The permanence of structural racism as a feature of the higher education (HE) environment has been highlighted in at least six reports that have been published in the past four years within the UK HE sector. Structural racism refers to the extent to which policies, practices and processes facilitate and sustain privileges for one racialised group at the expense of another as a normal feature of the environment. Concurrently, considerable progress has been made in promoting success for students with disabilities, particularly students whose neurodiversity remains largely ‘hidden’ in much disability discourse. Neurodiversity is an umbrella scientific term that highlights that some people’s brains think, learn and process information differently. Neurodiversity covers a range of neurodevelopmental conditions (e.g., ADHD, Autism, Dyslexia, Dyspraxia, Dyscalculia and Dysgraphia). Neurodiversity has largely been understood within the context of disability as a limitation for engagement and student success, with much of the discourse being framed around deficit conceptualisations and interpretations. The interplay between structural racism and neurodiversity, and the extent to which intersectional discrimination impacts on students’ educational experiences or access to higher education also remains underexplored.
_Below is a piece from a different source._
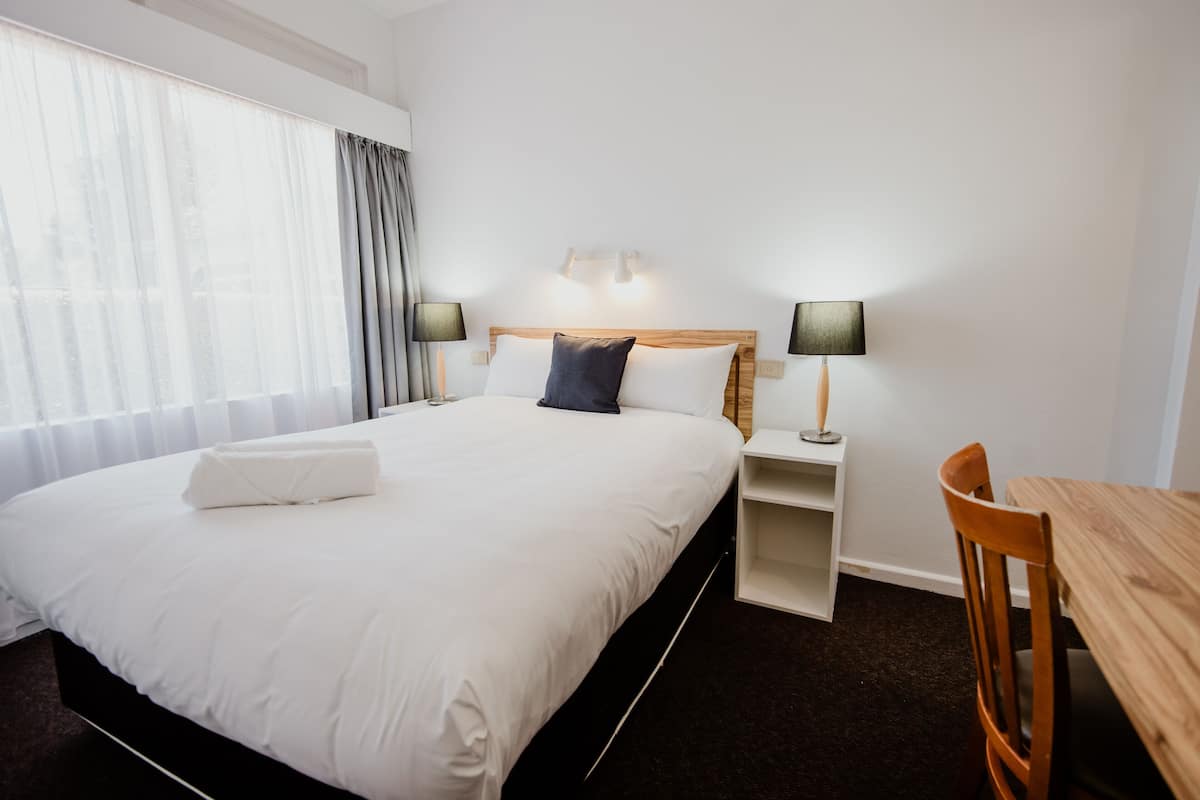 A hotel room with a large bed, bedside lamps, a wooden nightstand, a wooden chair, and a small table.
By contextualising structural racism and neurodiversity through an intersectional lens, we aim to illuminate and illustrate ways in which colleges and universities across the sector can develop more inclusive environments, broaden and embed more inclusive practices and provide holistic support for students with neurodiverse differences who are racialised as minorities in HE.
This colloquium offers an opportunity to explore the interplay between racialised identity and neurodiversity. Delegates will be able to investigate and conceptualise holistic models of inclusion in order to provide positive educational experiences and promote success for racially minoritised students with neurodiverse abilities.
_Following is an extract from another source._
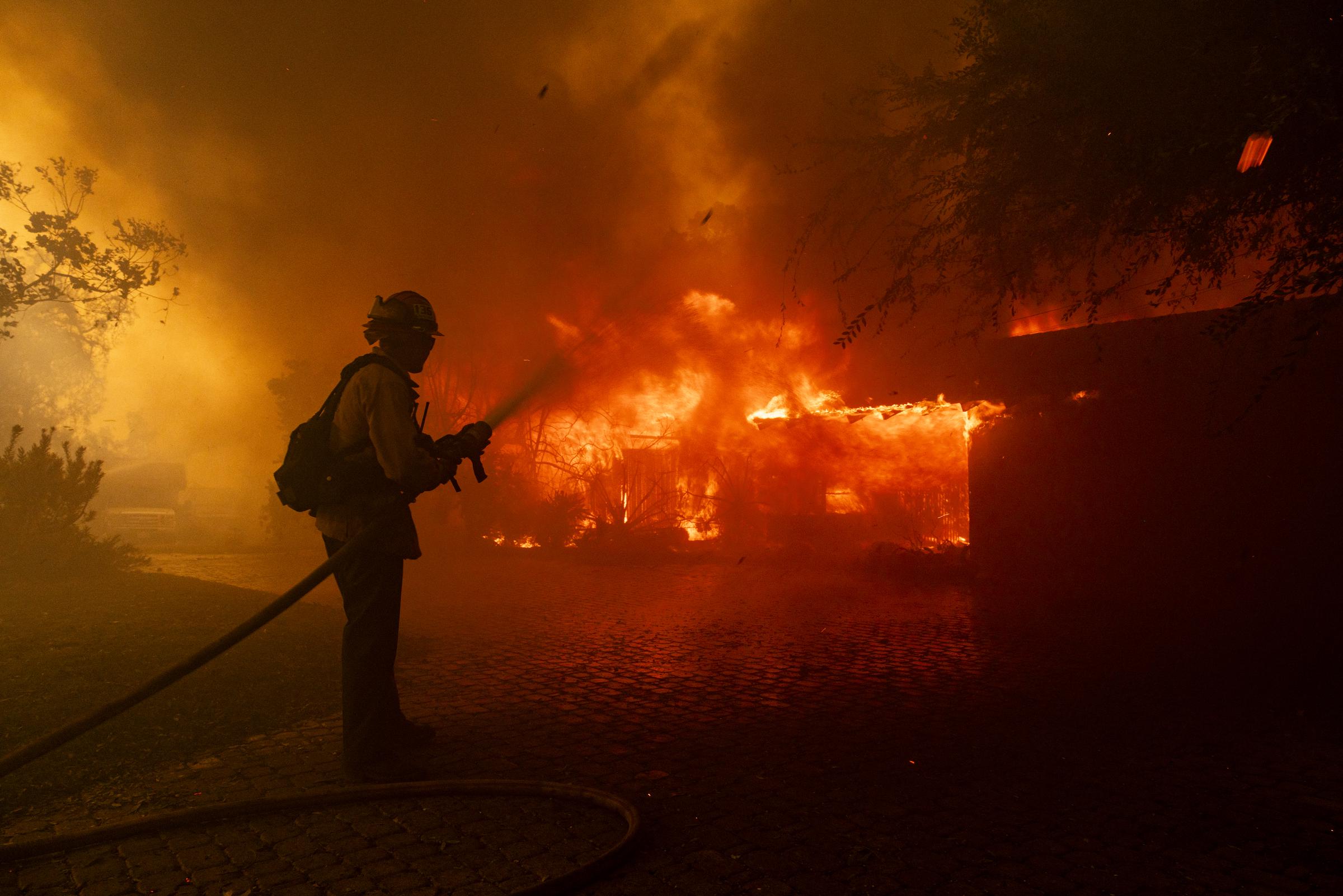 A firefighter attempting to put out a house on fire. | Source: Getty Images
This area of work is of significance to all who are interested in addressing systemic inequalities and providing positive educational experiences and success for students. For example, EDI practitioners, Senior Managers with responsibility for EDI, Heads of Department, Program Leaders, Student Support staff, Wellbeing Advisors, and Researchers with a focus on EDI.
The overarching theme of the colloquium is Exploring intersections of minority-racialised identity and neurodiversity and it will address the following five sub themes:
- higher education policy;
- student success and achievement;
- student progression;
- engagement and student experience;
- flexible learning.
Call for papers
The intersection between neurodiversity and race is an emerging subject, in relation to equality and diversity, particularly wellbeing and inclusion. The extent to which systemic racism poses barriers to access, participation and success in HE for neurodiverse students from Black, Asian or other minority-racialised backgrounds has not been fully explored. Recognising and appreciating that we all have intersecting and overlapping identities, skills, abilities and profiles that shape our daily lived experiences of engagement in higher education (HE) at the local, national, international, institutional and disciplinary levels may be considered as the basis for inclusion in higher education. Therefore, ensuring that we create and sustain environments that recognises and embraces human differences and variations (demographic, cultural, physical, cognitive and neurological, etc.) is essential to promoting inclusion in an ever-changing world.
Proposals are invited for presentation under one of five broad research themes (as mentioned above). This aids the organisation of a thematically streamed program. We appreciate that many papers may potentially cover a number of domains, therefore, we ask that authors indicate their preferred choice of domain. The final decision will be made by our assessors as part of the peer review process.
We invite contributions from around the world to contribute to the colloquium. Proposals are welcomed from individuals or teams across an institution or multiple institutions. We aim to showcase a wide and diverse range of work, activities and positive practices that promote inclusivity across the FE and HE sector. Submissions may be theoretical, educational or research based. Submissions can be for either a:
Workshops should include at least 15 minutes of delegate interaction via discussion or interactive online tools. Sessions should aim to provide delegates with knowledge and practical advice to encourage adoption of initiatives within their own institutions.
20-minute presentation (15 minutes leaving 5 minutes for Q&A)
Presentations should allow for 5 minutes of Q&A within the 20-minute time allocation. We encourage presenters to share their work in creative and dynamic ways and formats.
The deadline for submissions is midnight 14 February 2022.
Who should attend?
This area of work is of significance to all who are interested in addressing systemic inequalities and providing positive educational experiences and success for students. For example, EDI practitioners, Senior Managers with responsibility for EDI, Heads of Department, Programme Leaders, Student Support staff, Wellbeing Advisors, and Researchers with a focus on EDI.